## [TASK REQUIREMENTS]
What is needed is an exact copy of the lines in the entries below from the one holding "Eyelid Surgery After Patient 1" through the one holding "INPP5K Antibody", pictures excluded.

## [RECORD EXTRACTS]
---------------
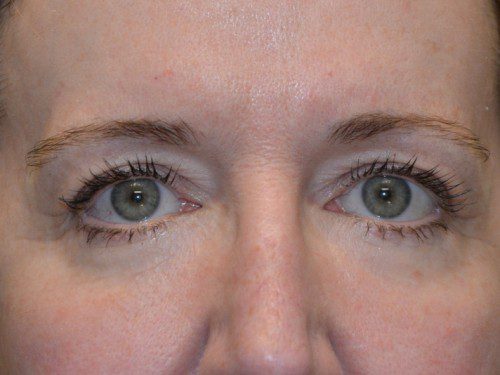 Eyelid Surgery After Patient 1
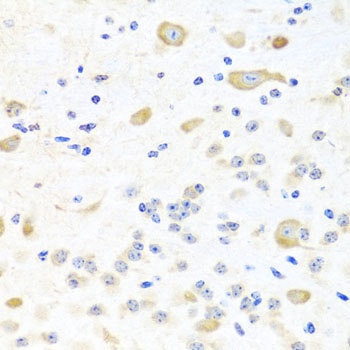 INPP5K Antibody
---------------
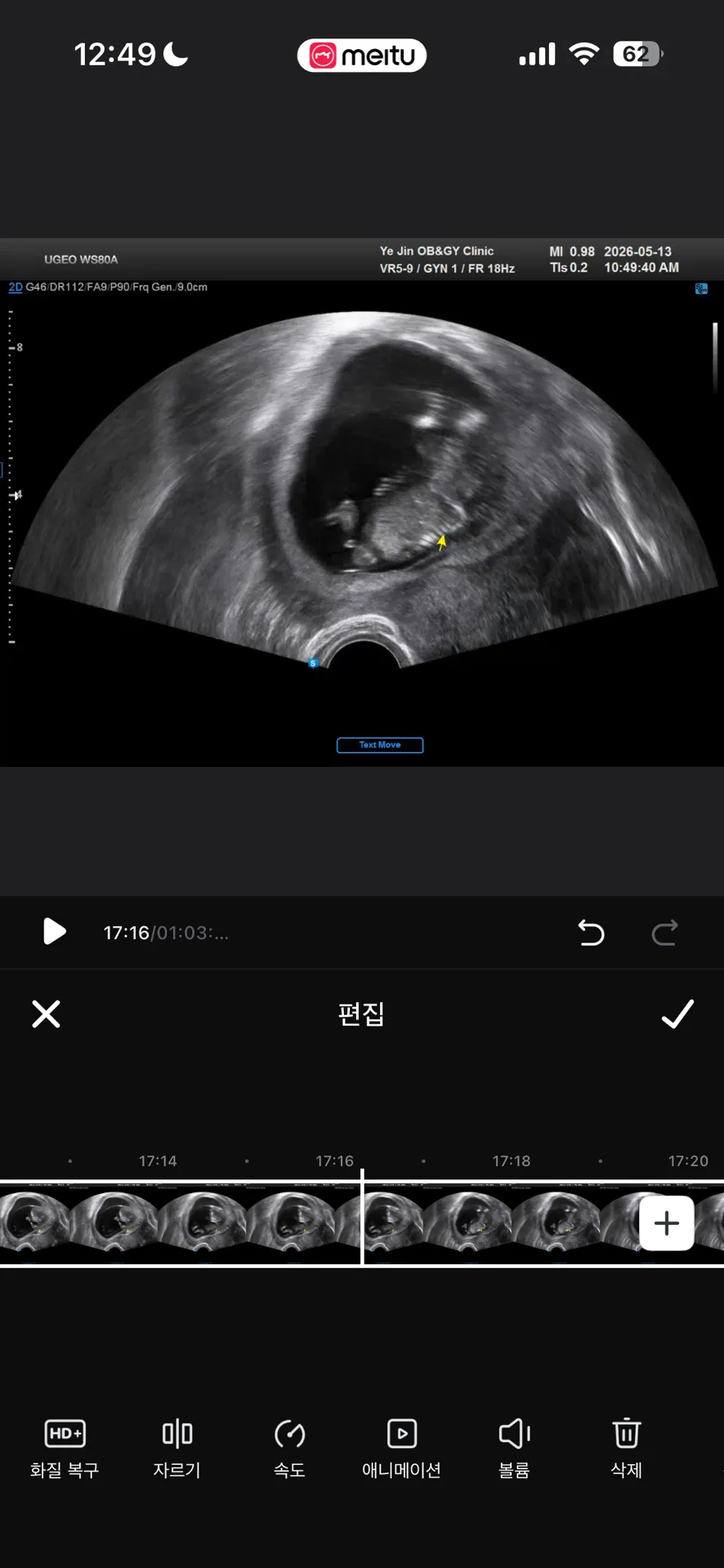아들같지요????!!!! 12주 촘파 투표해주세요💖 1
---------------
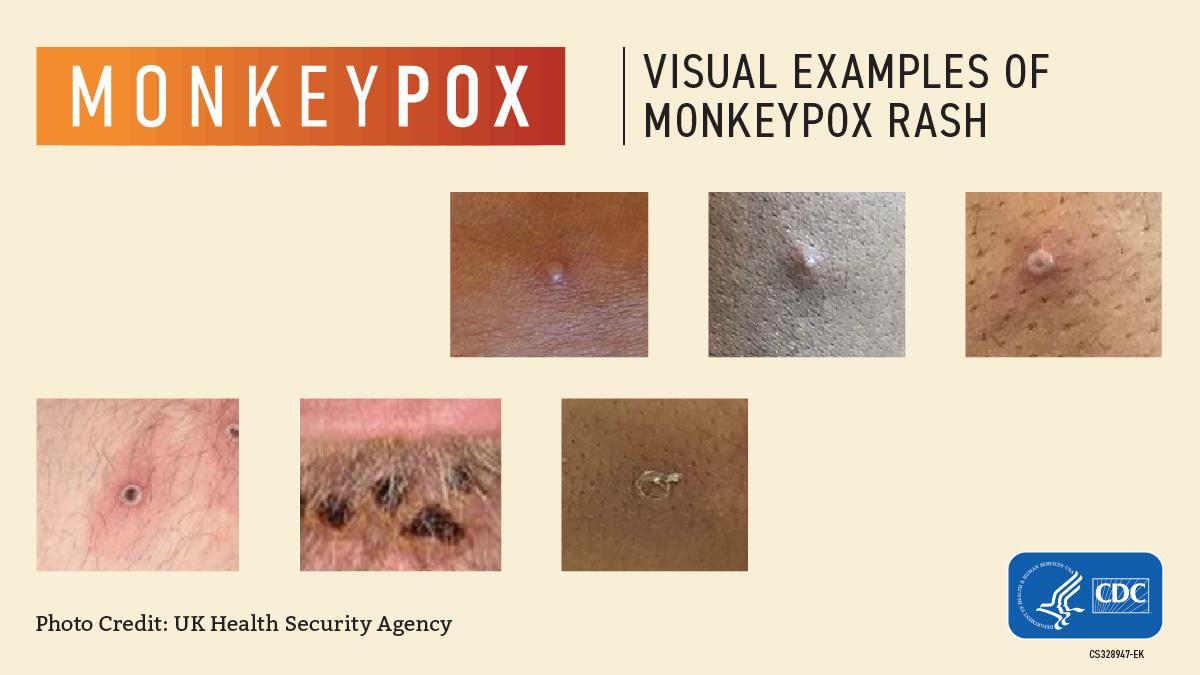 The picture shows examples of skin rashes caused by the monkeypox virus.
---------------
## [RESULT OF THE TASK]
 Eyelid Surgery After Patient 1
 INPP5K Antibody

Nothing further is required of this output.